**Collected material:**
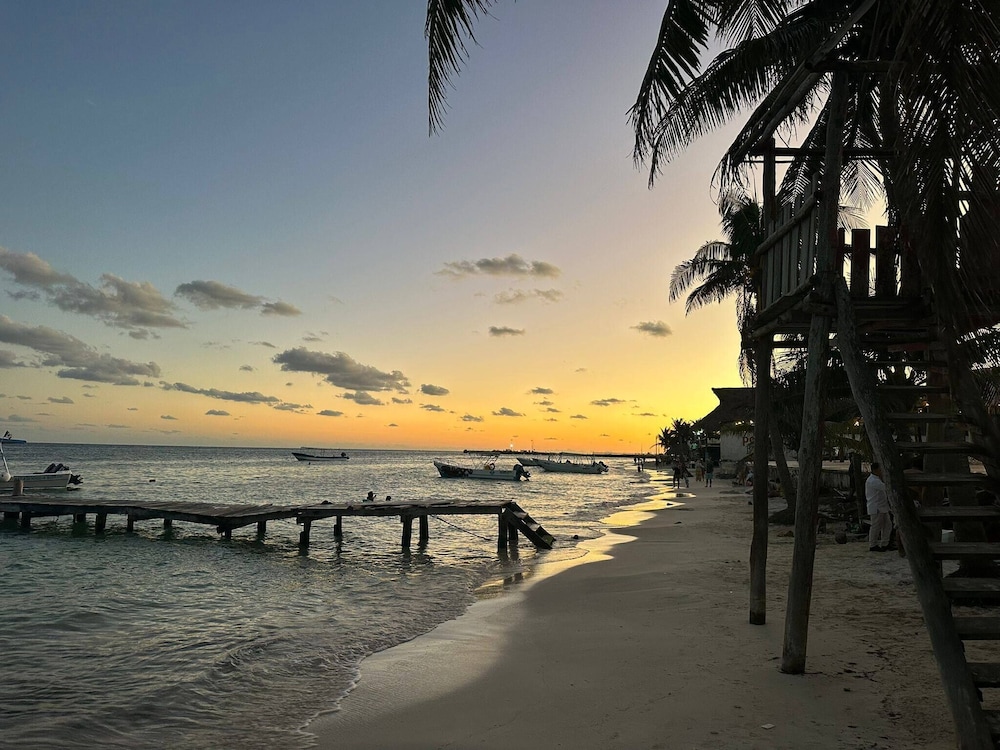 Paradise Awaits in This Seaside Escape!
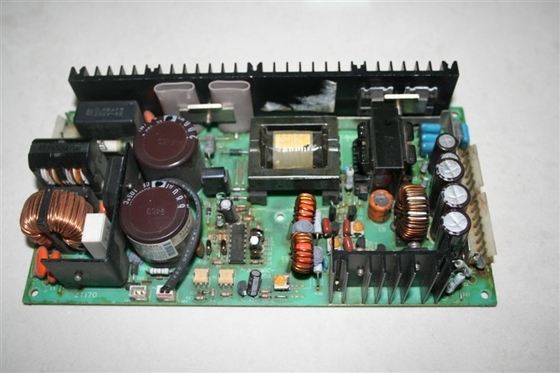 Noritsu QSS2301 2611 o regulador de interruptor ZT90 de 3001 3011 3301 3302 Minilab 522 P N I038146 I038160 usou-se fornecedor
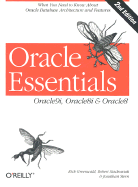 Oracle Essentials: Oracle9i, Oracle8i & Oracle8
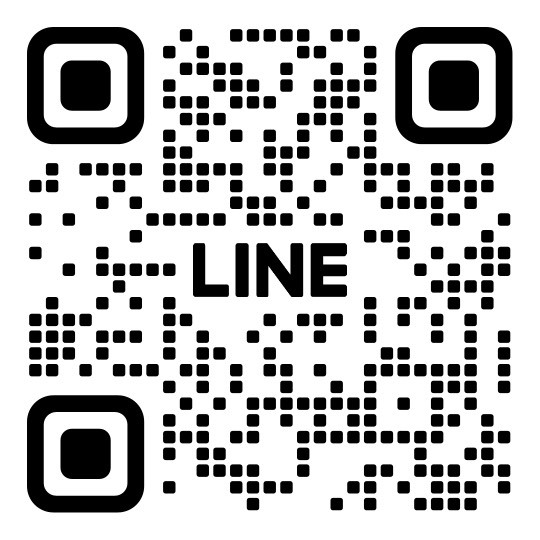 line_qrコード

**Task requirements:** Copy exactly the lines running from the line with "Oracle Essentials: Oracle9i, Oracle8i" to the final line of the listing, keeping both ends and dropping any picture.

**Answer space:**
 Oracle Essentials: Oracle9i, Oracle8i & Oracle8
 line_qrコード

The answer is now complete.